Retailers.EPA has published a list of all products that meet EPA’s criteria for use against SARS-CoV-2, the virus that causes COVID-19. These products have registration numbers that should be reflected on any label for a product purporting to address the COVID-19 virus.  Retailers can check products available for sale against this list, which EPA continues to update.

Product manufacturers.For manufacturers whose products have already been approved and registered for addressing other types of viruses, in August 2016, EPA published a document, Guidance to Registrants: Process for Making Claims Against Emerging Viral Pathogens Not on EPA-Registered Disinfectant Labels.In that guidance, EPA sets forth a two-step process to enable use of certain EPA-registered disinfectant products against emerging viral pathogens not identified on the product label but that belong to the same viral subgroups that the product is already approved to address.  In the first step, which could be pursued before an outbreak, registrants with eligible disinfectant products may submit a request, using a label amendment, to control an emerging viral pathogen by adding a prescribed form of statement to the master label and additional terms to the product registration.  The prescribed statement would, in essence, be “on the shelf” ready to incorporate into certain product communications once an outbreak occurs.

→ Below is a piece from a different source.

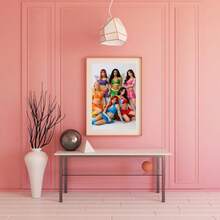 1 张 Katseye 韩国流行乐队音乐团体粉丝海报 Katseye 乐队团体韩国流行明星海报帆布画墙面艺术房间家居装饰无框 - 彩色 - 查看 35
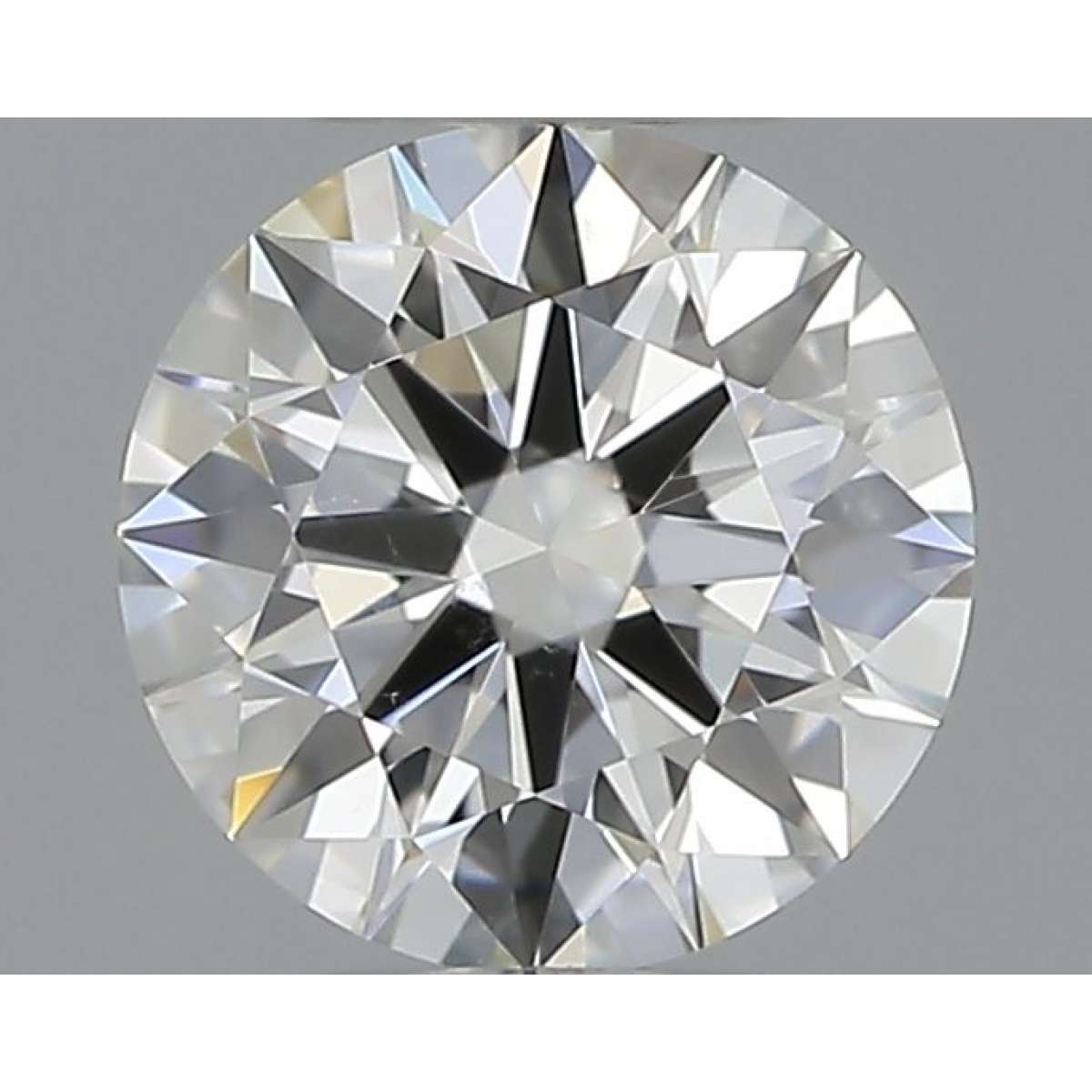 Certified Diamond GIA Carats 0.35 Color H Clarity SI1  EX  EX  EX Fluorescence FNT Brown No Milky No EyeClean 100%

After EPA’s approval of that amendment, in the second step, which would apply during an outbreak caused by an emerging virus, registrants having the previously approved label amendments would be allowed then to use the prescribed statement in off-label communications intended to inform the user that the product may be used against the specific pathogen, in this case, SARS-CoV-2, provided that the virus has been designated by the Center for Disease Control as belonging to the same viral subgroups that the product is already approved to address.

Conclusion

COVID-19 represents a unique healthcare and economic challenge to our nation.  The interest in quickly mitigating and overcoming this challenge may result in the offering of disinfectant products that are subject to a complex regulatory environment, requiring EPA registration and approval.  Without appropriate care, manufacturers, shippers and retailers of such products may find themselves distributing or selling unregistered products, thus potentially exposing themselves to enforcement actions that seek significant penalties.  Retailers with online sales and delivery platforms face a unique risk of high penalties because of the scale of sales and distribution that such platforms permit.  Retailers should be attentive to these issues, confirming that COVID-19 disinfectant products are registered with EPA.  Manufacturers, if they already have products registered with EPA for similar viruses, have a means for making claims regarding the COVID-19 virus provided they follow EPA’s guidance on the subject.